強化合宿を繰り返し、事前に入念な準備のできたアジアカップとは違い、今回はチームに合流してすぐ本大会を迎えることになる。その難しさを痛感しつつも、『バスケットボール女子 U24 4カ国対抗』で3試合の実戦経験を積むことができたのは大きく、チームメートとの連携にも手応えを感じている。「全くやったことがないわけではなく、大学でちょっとやっていて、自分のプレーをみんな少しは理解してくれていたので、ドライブに合わせてくれたり、そういうプレーは3試合目でだいぶ合わせてくれるようになりました」

2年前のユニバ準決勝以来のアメリカとの対戦。前回と比べて感じたアメリカの変化を藤岡は語る。「前に比べて一対一ばかりじゃなく、パス、パス、シュートとやってきた感じがありました。トムさん(ホーバス/A代表ヘッドコーチ)も『アメリカ人は日本のバスケを尊敬している』と言っていたので、それを目指してきているのかなと。これから勝つのが大変だなって思いました」

「やり合えた感じはありました。しかしアジアカップの時に比べて自分にキレがないと感じているので。もう一回ベストコンディションに持っていけたら、もっともっとドライブに行けたと思います」

トム・ホーバスに「とにかく怒られ続けて」飛躍

この2年間を振り返り、「とにかくトムさんに育ててもらったのが一番」と藤岡は言う。「ほとんど褒められることはなく、とにかく怒られ続けたんですけど、それがあったから大会で自分らしいプレーができました。3カ月半の合宿の中では3番手という立場でゲームではプレータイムをもらえなかったのですが、それでもいつもリュウさん(吉田亜沙美)やルイさん(町田瑠唯)とマッチアップできたのが良かったです」

代表合宿での厳しい練習と生存競争、そして『世代闘争』が藤岡のレベルアップにつながった。「(赤穂)さくらとか(馬瓜)エブリンとかタク(河村美幸)とたくさんの合わせができて、お互いコミュニケーションを取りながら先輩たちを倒すという気持ちで練習に取り組めたことが、最後ベンチから出た選手がどんどん活躍できた理由だと思います」と藤岡は言う。
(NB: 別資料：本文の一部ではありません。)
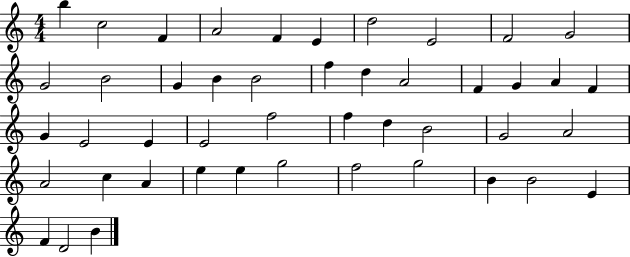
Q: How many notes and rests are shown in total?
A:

若手の活躍が目立ったアジアカップにおいて、中でも藤岡のブレイクは日本の優勝に大きく寄与するだけのインパクトがあった。「初戦のフィリピンでプレータイムがもらえると思っていたので、『アジア選手権のために3カ月半キツい練習をやったのに、そこで何もできなかったら一生後悔する』って」と藤岡は振り返る。「リオで選ばれなかった悔しさがあって、絶対入りたいという思いがあったので、後はトムさんに言われている役割をとりあえず一生懸命やりました」

「下っ端」からキャプテンへ、ユニバでの活躍にも期待

「とりあえず一生懸命」の結果が、ケガをした吉田亜沙美の穴を埋める大活躍である。3番手のポイントガードとして開幕を迎えた藤岡が日本の速いバスケットを演出するキーマンとなり、最後は大会のベスト5にも選ばれた。

アジアカップのベスト5に選ばれた瞬間を「全然予想していなかったです。『自分でいいの?』って思いました」と振り返る藤岡だが、優勝を決めた直後にトム・ホーバスヘッドコーチと抱擁をかわした際、指揮官は藤岡に「君がこの大会のMVPだ」と予言していたそうだ。
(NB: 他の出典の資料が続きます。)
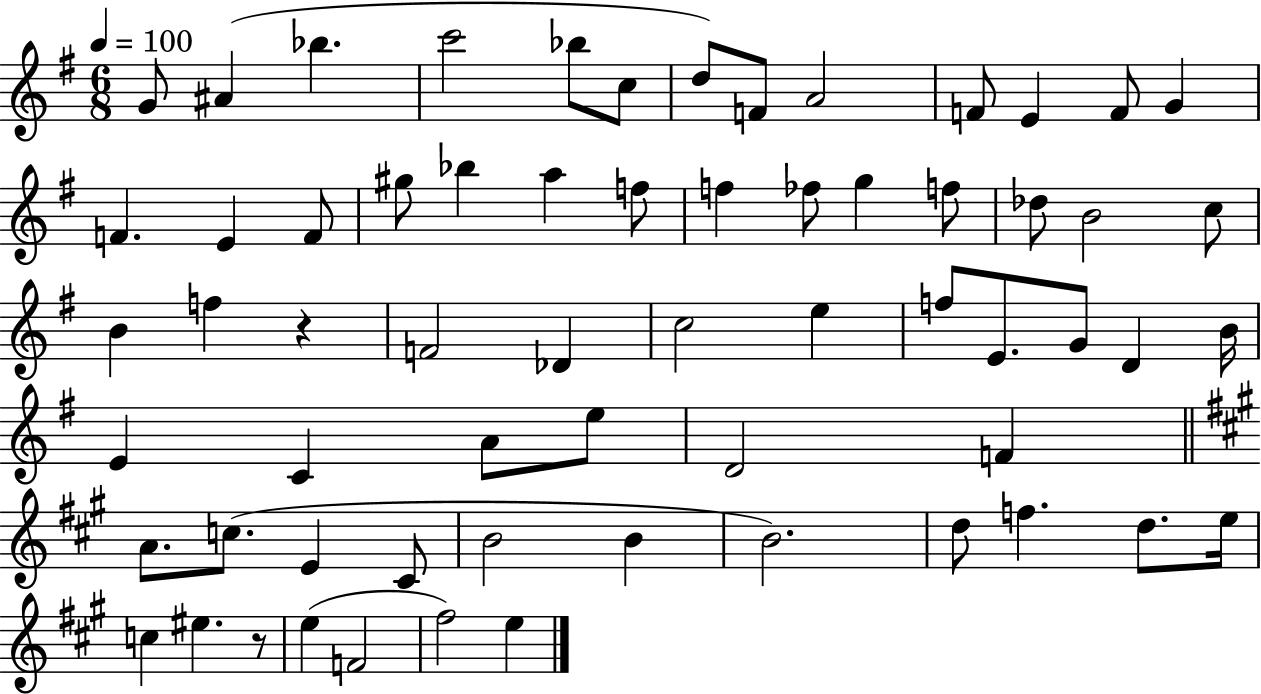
X:1
T:Untitled
M:6/8
L:1/4
K:G
G/2 ^A _b c'2 _b/2 c/2 d/2 F/2 A2 F/2 E F/2 G F E F/2 ^g/2 _b a f/2 f _f/2 g f/2 _d/2 B2 c/2 B f z F2 _D c2 e f/2 E/2 G/2 D B/4 E C A/2 e/2 D2 F A/2 c/2 E ^C/2 B2 B B2 d/2 f d/2 e/4 c ^e z/2 e F2 ^f2 e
結局、MVPは準優勝に終わったオーストラリアのケルゼイ・グリフィンが受賞したのだが、藤岡はベスト5に選ばれるとともに、1試合平均8.2でアシスト女王に輝いた。

2年前と今では藤岡自身が様々な経験を積み、大きく成長した。「A代表では下っ端のほうだったのに、ユニバではキャプテンとして引っ張っていかなきゃいけないという」と笑いながらも、チームを引っ張る役割に意欲的だ。A代表での『成功体験』を持つ藤岡が加わることは、U-24のチーム全体に良い刺激となっている。カテゴリーを問わず女子全体のレベルアップと底上げを促す意味で、藤岡が挑むユニバーシアードは大きな意味を持つはずだ。